Knowing the history, and the pride one must feel when pulling on their national team’s colours, it is hard to suggest why the likes of Chris Gayle, Dwayne Bravo and Kieron Pollard are so insistent on travelling the world as ‘T20 guns for hire’, rather than representing their country – surely an act, in itself, that millions of amateur sportsmen and women would give their right arm for (as long as it’s not their bowling arm). Is it purely for the money….or a general indifference to international cricket?
Either way, it’s hardly a ringing endorsement of them as individuals, but rifts can take a long time to heal in sport, and if this trio – and there are others – have experienced a breakdown in their respective relationships with the West Indies Cricket Board, then perhaps their position is more understandable.
The exclusion of Bravo and Pollard from the World Cup squad earlier this year spoke volumes of the battle for power between players and selectors. The pair were told by Clive Lloyd that they were omitted as the selection panel wanted to focus on young players for the future. Pollard is 27, Bravo is 31. Sometimes, the future is now. Lloyd also stated that the pair had not performed to a high enough standard to warrant selection. Bravo had just been selected in the ICC Team of the Year for 2014. Go figure.
It’s easy to blame the IPL as well – its promise of riches too much for even the most down-to-earth cricketers to ignore. But there are players from pretty much every test playing nation who perform their duties in India without compromising their international commitments. Many have their cake and eat it; and this is a sporting tea party that isn’t going anywhere soon.

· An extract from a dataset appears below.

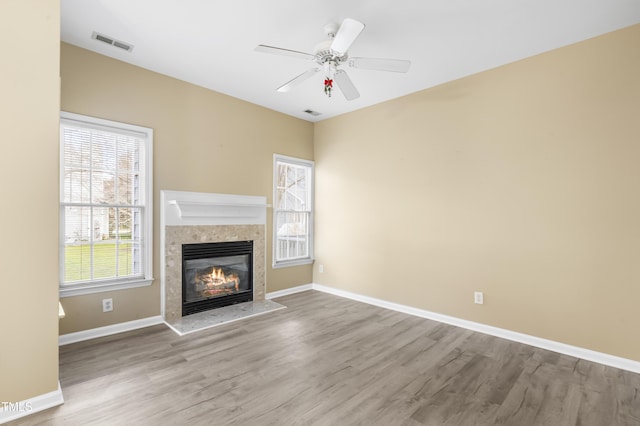 unfurnished living room featuring baseboards, visible vents, ceiling fan, wood finished floors, and a fireplace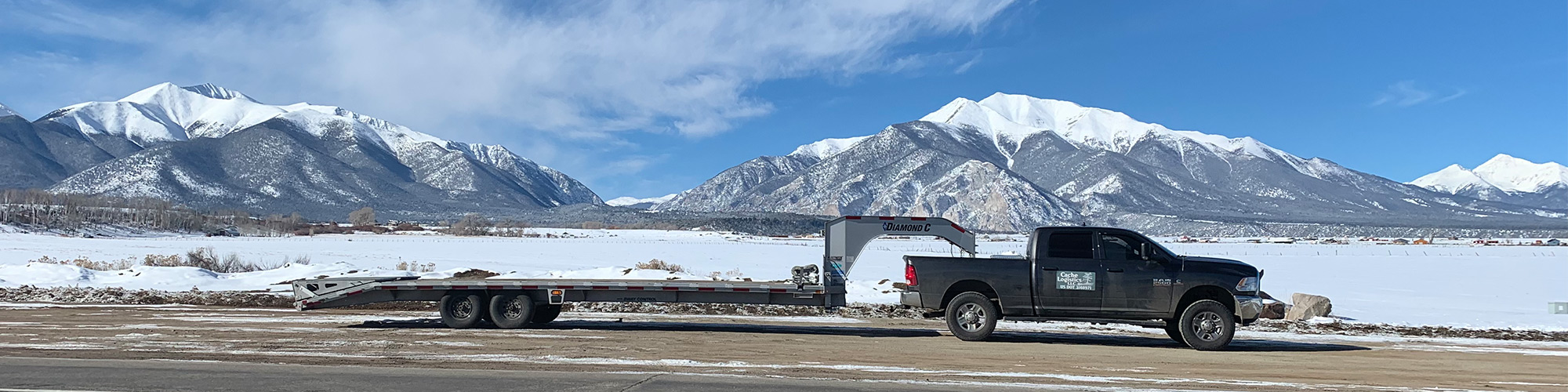Scenic photo of a gooseneck trailer being pulled by a truck with mountains behind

Perhaps the biggest shame in this ongoing mis-management and administration of cricket in the West Indies is that amongst their current playing staff they have some intriguing talents. In Jason Holder, they boast a young man who can enjoy a brilliant career in all forms of the game if given the necessary support. Having been handed the captaincy at the ripe old age of 23, let’s hope he doesn’t burn out before his flame has really been lit. And then there’s Jermaine Blackwood, a feisty middle-order batsman who produced a match-winning display in that drawn series with the English in the winter.
But then there are the board-level decisions that alienate a nation. Shivnarine Chanderpaul, a fantastic servant to the cause for nearly two decades, dumped from the team without so much as a thank you and a final lap of honour. The scapegoating of Bravo and Pollard, that abandoned tour to India….such ineptitude cannot be allowed to continue.
That said, it is easy to blame the administrators and the big cheeses when things don’t go well, but as ever the players need to take a long look at themselves in the mirror. A full strength West Indies team, with its collection of misfits and outcasts welcomed back into the fold, would be a serious side to contend with.
What the great West Indies teams of the 1970s and 1980s had in abundance – alongside outstanding talent – was a fear factor; batsmen hated facing their pace attacks and bowlers had nightmares at the prospect of stopping their care-free batsmen from finding the rope. Now, when the fear exists amongst the players of their own administrators, it is hard to see how this current crop can heal such self-inflicted wounds.